When the BBC went to interview Sir Hardy, he claimed to have no recollection of his role in the operation, which successfully killed scores of leading Nazi sympathisers.

Mr Darlow said: "When we went to see Hardy Amies, he said 'sorry, old chap, I can't remember a thing about it.'" He said Sir Hardy would have nothing to feel ashamed about. "Organising the assassination of Nazi collaborators across Europe was an act of patriotism. I admit, though, that it is hard to reconcile the Queen's dress designer with this."

Last night Sir Hardy again denied he was involved in the operation. He said: "I have never heard of it before. Certainly, I was in the SOE for the whole of the war and involved in seeing that men were parachuted behind enemy lines to help the partisans. But I knew nothing of Operation Ratweek. I am perturbed that the BBC are saying this because maybe my memory is at fault. But I don't think it is."

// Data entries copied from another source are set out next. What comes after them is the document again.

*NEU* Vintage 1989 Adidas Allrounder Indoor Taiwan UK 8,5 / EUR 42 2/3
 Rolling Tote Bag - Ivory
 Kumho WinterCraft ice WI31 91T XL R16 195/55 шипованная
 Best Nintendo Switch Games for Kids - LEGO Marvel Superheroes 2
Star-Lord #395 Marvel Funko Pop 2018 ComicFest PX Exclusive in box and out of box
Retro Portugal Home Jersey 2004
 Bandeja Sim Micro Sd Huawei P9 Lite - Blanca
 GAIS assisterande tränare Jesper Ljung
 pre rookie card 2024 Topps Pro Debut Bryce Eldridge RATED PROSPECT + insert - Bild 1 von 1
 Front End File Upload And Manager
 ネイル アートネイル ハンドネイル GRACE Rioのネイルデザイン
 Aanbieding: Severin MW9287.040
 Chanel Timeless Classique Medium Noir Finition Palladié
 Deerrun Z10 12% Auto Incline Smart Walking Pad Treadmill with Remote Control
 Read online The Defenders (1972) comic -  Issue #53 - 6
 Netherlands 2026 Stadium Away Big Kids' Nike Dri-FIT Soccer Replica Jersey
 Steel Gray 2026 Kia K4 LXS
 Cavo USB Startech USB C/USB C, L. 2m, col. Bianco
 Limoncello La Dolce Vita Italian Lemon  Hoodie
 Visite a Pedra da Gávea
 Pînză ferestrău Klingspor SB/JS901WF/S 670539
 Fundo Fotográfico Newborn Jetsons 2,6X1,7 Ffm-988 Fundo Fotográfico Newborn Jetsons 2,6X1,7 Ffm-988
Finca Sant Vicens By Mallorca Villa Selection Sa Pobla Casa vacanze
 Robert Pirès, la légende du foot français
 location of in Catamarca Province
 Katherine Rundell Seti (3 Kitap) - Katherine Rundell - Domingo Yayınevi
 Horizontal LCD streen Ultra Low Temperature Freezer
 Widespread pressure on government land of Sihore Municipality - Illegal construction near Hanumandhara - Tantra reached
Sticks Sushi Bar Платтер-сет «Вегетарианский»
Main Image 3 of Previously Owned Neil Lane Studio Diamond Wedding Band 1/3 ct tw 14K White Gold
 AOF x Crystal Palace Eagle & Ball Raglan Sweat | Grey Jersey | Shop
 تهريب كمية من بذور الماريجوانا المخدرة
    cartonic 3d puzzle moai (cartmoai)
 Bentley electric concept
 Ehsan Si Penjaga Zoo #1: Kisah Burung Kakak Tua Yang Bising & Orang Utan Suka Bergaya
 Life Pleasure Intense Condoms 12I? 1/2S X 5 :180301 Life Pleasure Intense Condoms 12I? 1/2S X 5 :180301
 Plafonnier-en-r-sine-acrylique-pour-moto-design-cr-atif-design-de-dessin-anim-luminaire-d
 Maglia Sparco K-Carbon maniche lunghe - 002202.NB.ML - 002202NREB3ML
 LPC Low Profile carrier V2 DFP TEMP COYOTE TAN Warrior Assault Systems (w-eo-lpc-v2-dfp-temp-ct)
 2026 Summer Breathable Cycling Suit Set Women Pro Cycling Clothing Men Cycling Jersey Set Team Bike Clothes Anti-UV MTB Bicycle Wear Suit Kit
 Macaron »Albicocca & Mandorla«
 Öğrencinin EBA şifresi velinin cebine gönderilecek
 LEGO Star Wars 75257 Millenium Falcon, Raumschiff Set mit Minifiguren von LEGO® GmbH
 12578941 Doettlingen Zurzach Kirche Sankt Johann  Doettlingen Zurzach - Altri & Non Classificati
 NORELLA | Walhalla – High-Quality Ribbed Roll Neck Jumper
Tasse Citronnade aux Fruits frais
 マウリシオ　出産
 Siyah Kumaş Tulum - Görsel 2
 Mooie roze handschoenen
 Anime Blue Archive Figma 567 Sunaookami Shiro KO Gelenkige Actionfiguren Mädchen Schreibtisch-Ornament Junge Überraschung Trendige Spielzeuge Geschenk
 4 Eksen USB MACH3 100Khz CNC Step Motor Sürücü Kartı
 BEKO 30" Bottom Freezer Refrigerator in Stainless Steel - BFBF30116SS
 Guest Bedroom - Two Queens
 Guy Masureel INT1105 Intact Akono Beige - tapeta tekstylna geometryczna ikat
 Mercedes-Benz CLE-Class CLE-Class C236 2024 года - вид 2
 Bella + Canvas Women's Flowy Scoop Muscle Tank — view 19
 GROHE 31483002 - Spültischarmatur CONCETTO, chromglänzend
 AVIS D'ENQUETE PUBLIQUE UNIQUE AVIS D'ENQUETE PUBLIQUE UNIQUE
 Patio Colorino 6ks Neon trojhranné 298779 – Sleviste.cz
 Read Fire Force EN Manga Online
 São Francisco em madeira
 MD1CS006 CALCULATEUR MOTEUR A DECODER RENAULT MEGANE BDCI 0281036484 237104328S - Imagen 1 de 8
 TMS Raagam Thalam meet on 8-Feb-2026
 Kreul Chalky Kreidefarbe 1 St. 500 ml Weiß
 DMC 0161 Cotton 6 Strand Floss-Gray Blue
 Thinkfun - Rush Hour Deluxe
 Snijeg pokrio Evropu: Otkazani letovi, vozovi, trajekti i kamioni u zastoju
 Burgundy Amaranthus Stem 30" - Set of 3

Mr Darlow responded last night by producing documents, including minutes of meetings of the SOE in 1944 which talked of the involvement of the then Lt-Col Amies, head of the Belgian Service. Mr Darlow said: "We've got a bunch of documents which show his involvement, and I have checked with his agent that the signature is that of Hardy Amies."

The programme will now contain no mention of Operation Ratweek, even though special access was given to BBC researchers by the Public Records Office, and a book is now being written by an Imperial War Museum historian revealing full details of the hitherto secret operation.

Mr Darlow said: "The secret documents we have seen show that dozens and dozens of people were killed in the operation. You can call it murder, or you can call it assassination. It was wartime and it was a justifiable thing in wartime. There's nothing dastardly about this. He was pursuing war as he should have been."

Sir Hardy was acting head of the Special Operations Executive for Belgium during much of the war, and became head of SOE Belgium in 1944.

The documentary, to be broadcast next month, will tell the story of the men and women who went behind enemy lines as part of Winston Churchill's secret army. The SOE, which had its headquarters in Baker Street in London, on the site now occupied by Marks & Spencer, was set up by Churchill on 19 July 1940, the same day Hitler told the Reichstag that Britain's defeat was at hand. The historian Ted Cookridge wrote: "A few strokes of a pen, and a body was created 'to co-ordinate all action by way of subversion and sabotage against the enemy overseas.' Or, as the Prime Minister put it, 'to set Europe ablaze.'"

The organisation was officially established under the Ministry of Economic Warfare, which became known in Whitehall as the "Ministry of Ungentlemanly Warfare". The SOE's main concern, according to the book Britain's Secret Propaganda War by Paul Lashmar and James Oliver,was its work with the resistance groups that sprang up across Europe and the Far East. In 1942 it was also responsible for the assassination of Himmler's deputy Reinhard Heydrich.

Hardy Amies' association with the SOE is in his Who's Who entry, as is his love of opera, tennis, gardening and needlepoint. Although he joined the Intelligence Corps in 1939, he was even then a man of fashion as the managing designer at Lachasse in London's West End. But he gained national fame in 1955 when he became Dressmaker by Appointment to HM The Queen.

The son of a court dressmaker, Hardy Amies founded his own fashion house in 1946 in Savile Row after buying the building at a knock-down price because of bomb damage. His business took off in the postwar years when customers, who had been deprived of new dresses for the preceding years, snapped up his elegant, traditional designs. He is said to be the master of the little dress that serves as a backdrop to his clients' jewellery. Although the style always reflected the English upper class, his designs were most popular with American, Canadian and Japanese buyers.

His clients have included Lady Diana Cooper, Sally Burton, Elaine Paige and members of the Rothschild family. Because of his inability to draw, he has always collaborated with artists, and he envisages the finished article "working for its living" - at a party or wedding, or coming down a staircase.